At this point, signing former third baseman, and soon-to-be-free agent Michael Young (now a Dodger) to an offseason deal might be the best bet. Young, now 36, would most likely take a one-year deal because of his advanced age, which is a better bet than Youkilis’s injury problems.
4. Starting rotation question marks
The all-important starting rotation loses Andy Pettitte to retirement though, unlike at third base, the Yankees have some in-house options.
Ivan Nova, now 26, has performed well (9-5, 3.13 ERA in 19 starts) and should be counted on for next year. In addition, prized arm Michael Pineda (acquired in the 2012 Jesus Montero deal) has also performed well in the minors after his shoulder injury last year. The 24-year-old has a 3.32 ERA in 10 starts at three different levels and should get a long look at the rotation for next season.
Nova, Pineda, and Sabathia, along with Hiroki Kuroda, who should come back on another one-year deal, give the Yankees a nice one-through-four in the rotation.

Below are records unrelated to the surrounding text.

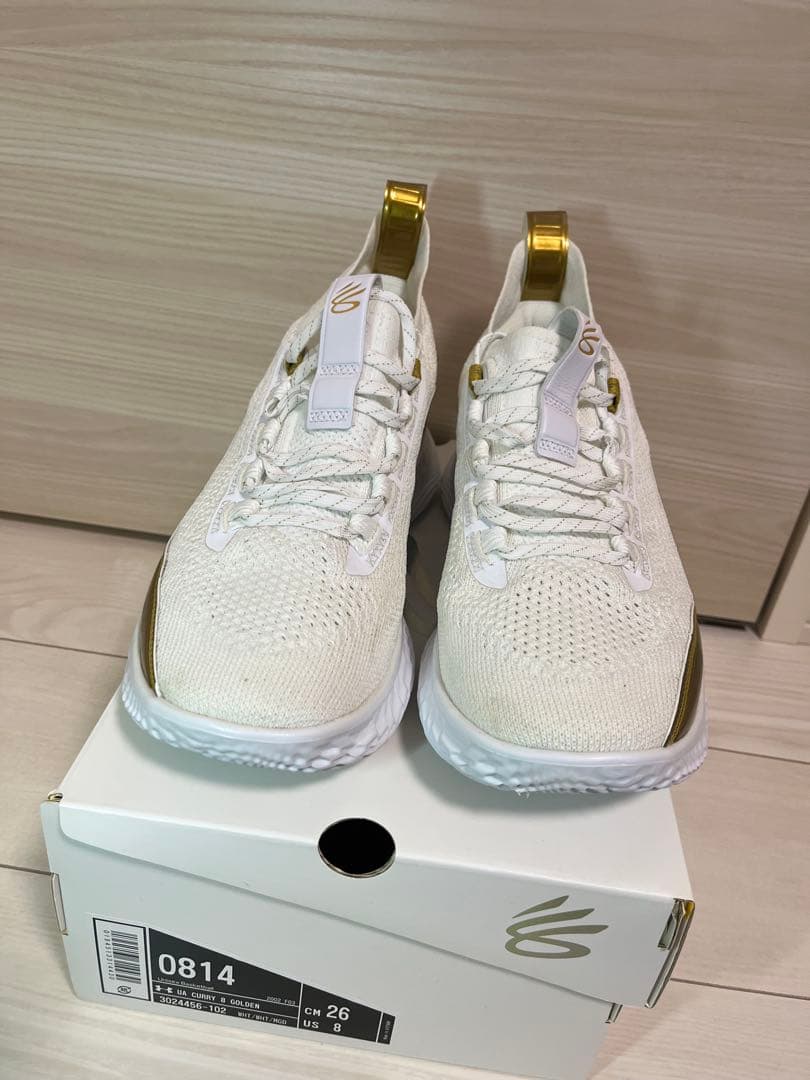 UA CURRY 8 GOLDEN ホワイト/ゴールド 26センチ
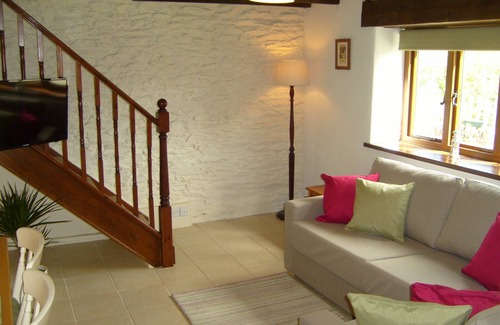 Sheviock Cabaña | Cosy Converted Barn Cottage in Peaceful Rural Wooded Setting, Close to the Coast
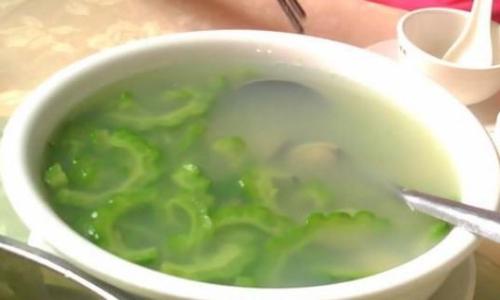 高血压喝芹菜汁的做法 佤族秘方：高血压五剂见效芹棕桑汤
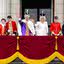 O rei Charles III e a rainha Camilla no centro e as crianças de sua corte real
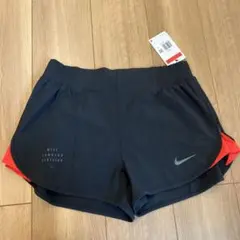 新品タグ付き　NIKE ランニングショートパンツ　　L 黒赤　レディース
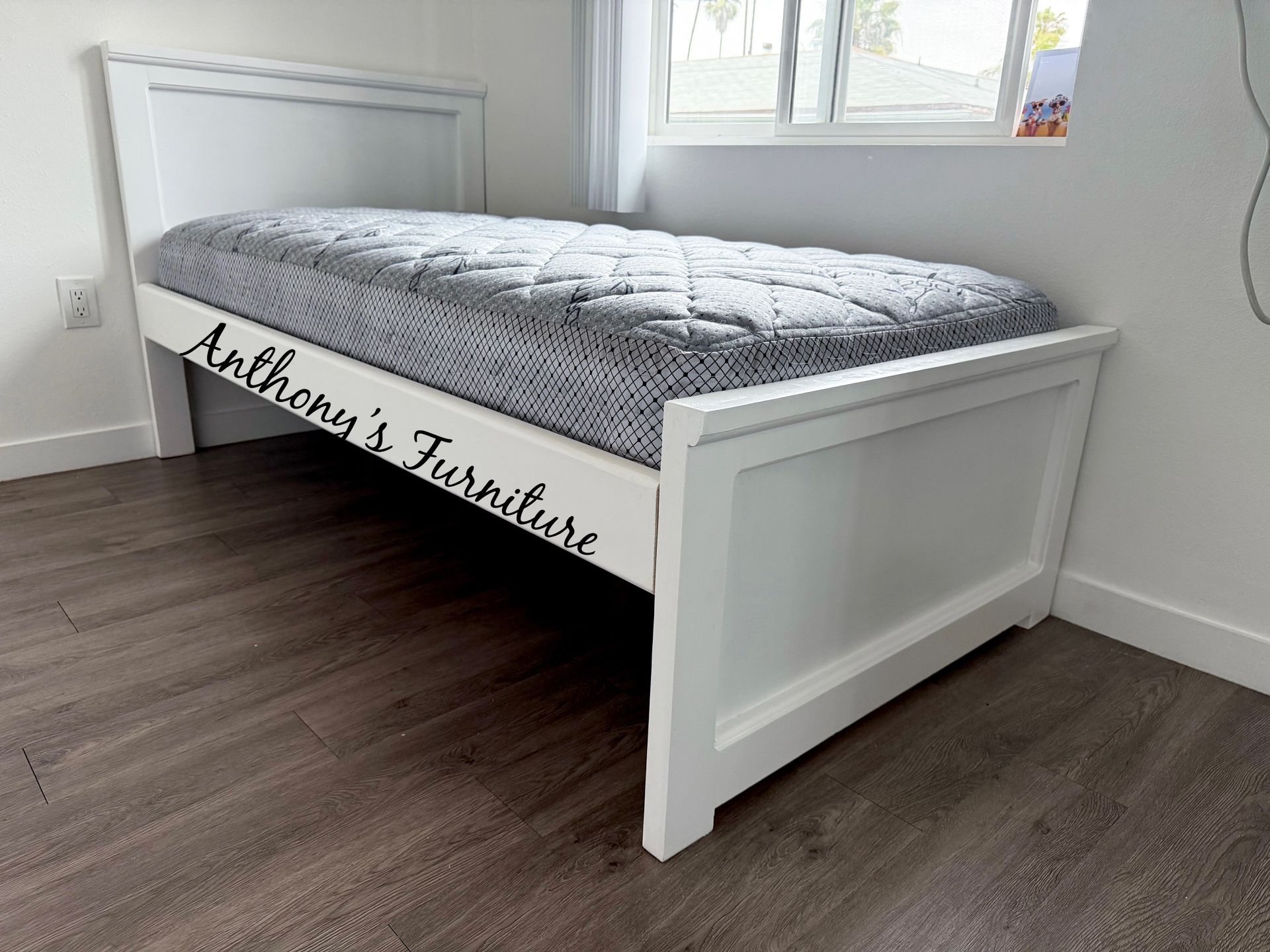 White Twin Bed With Mattress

To fill out the rotation, the new Yankees regime should open the checkbooks and sign the top free agent starter, Ervin Santana, of Kansas City. Though it will probably take $50 million–$60 million to sign him, Santana has looked like his old self this season (9–10, 3.24 ERA in 32 starts.) More importantly it will show some goodwill to the fans who are used to an unlimited free-agent checkbook.